Total healthcare expenditures in the USA hit $3.8 trillion in 2019, representing a four times rise in the share of the sector’s GDP (gross domestic product) since 1960. As a result, it compelled efforts to decrease expenditure, with radiology being the main target, as noted by the experts of University Hospitals Cleveland.
Nevertheless, the specialty also recorded a negative compounded annual rate of growth when compared to other Medicare categories in Part B during the period of 10 years. Imaging only accounted for 8% of expenditure in Part B, 1.4% of Medicare outlays, and just 0.05% of national healthcare expenses, researchers elaborated in the Current Problems in Diagnostic Radiology.
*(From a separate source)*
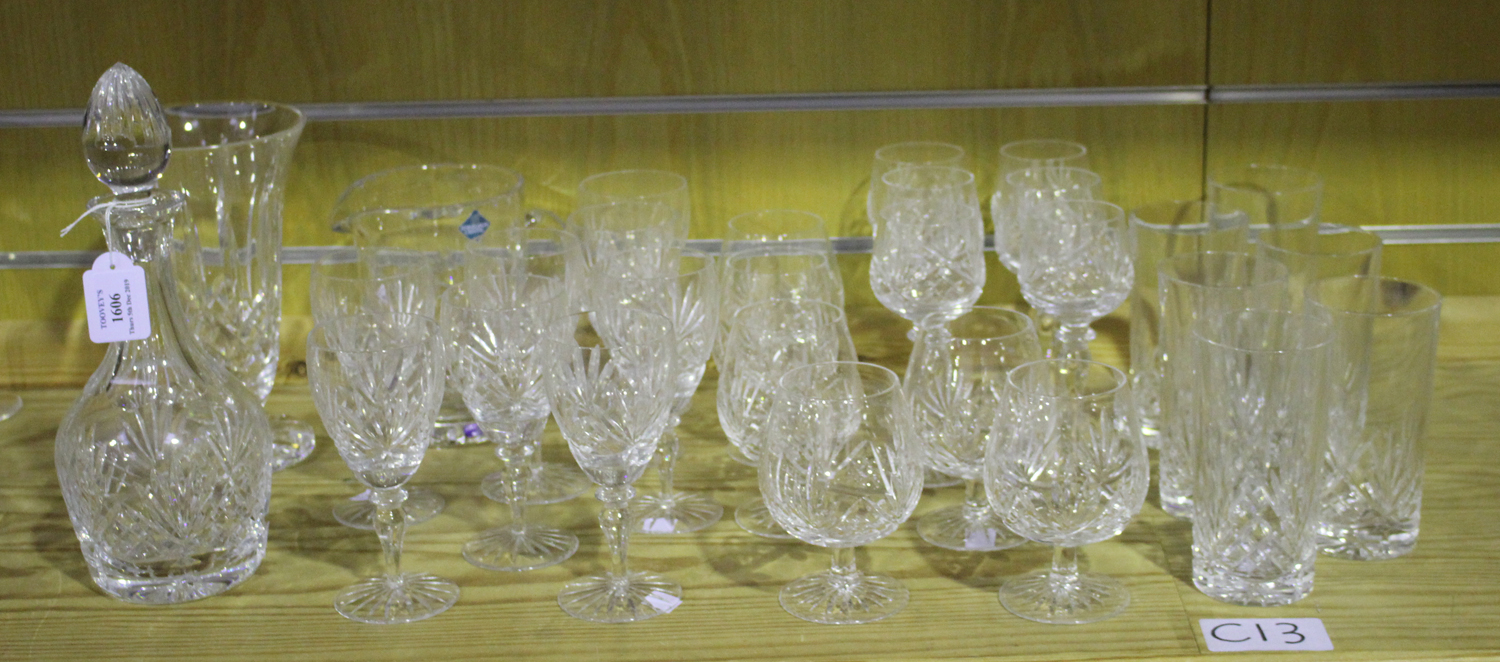 An Edinburgh Crystal Stirling pattern part suite of glassware, comprising a decanter and stopper, - Image 2 of 2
Keval Parikh, MD, University Hospital Department of Radiology, with colleagues wrote, “These findings are contradictory statements highlighting physicians’ services as well as imaging as significant contributors to the growth of expenses and the other disproportional amount America spends only in healthcare compared to many other countries.” The corresponding author and colleagues also wrote, “Further investigation of all the other components of the national healthcare expenditures besides Part B, like facility fees and out-of-pocket expenses, may also help in clarifying the overall contribution of imaging in NHE.”
During this 10-year research period, payment per service under Part B has declined at a 1.4% compound growth rate annually. Imaging recorded a massive drop at 3.5% among the rest of the categories. Within this segment, nuclear medicine witnessed the greatest drop at 7.4%, MRI/MR angiography at -5.8%, CT/CT at -3.5%, and USG at -3.3%. Likewise, plain film X-ray experienced a positive rate of growth at 0.4%. In total, 5.1 billion services were paid for only in 2019, whereas imaging represented approximately 8% of the volume. CAGR for services remained at 2.1%, and imaging recorded steady growth at 0.5%. Part B expenses totaled $115.6 billion in 2019, with a moderate rate of growth at 0.6%. This was mainly driven by factors like drugs (at 5.9%) and other procedures (at 0.9%), while imaging dropped by 3%.
Despite the figures, the federal government also targeted imaging expenses for cuts on multiple occasions. Parikh and the team sounded concerned about the overall impact of consistent pressure on the pricing of medical imaging.
The authors also stated, “If controlled pricing leads to reduced reimbursements, taking them to unfair and unsustainable levels, it could cause unintended results like physician and service shortages, quality deterioration, rationing, additional fees creation to patients with rising out-of-pocket expenses. In fact, evidence shows that patients commonly pay a coinsurance while undergoing any advanced imaging, both within and out of their network. This might be an early sign of unintended consequences of fees reduction beyond the point of equilibrium for suppliers of those imaging services.”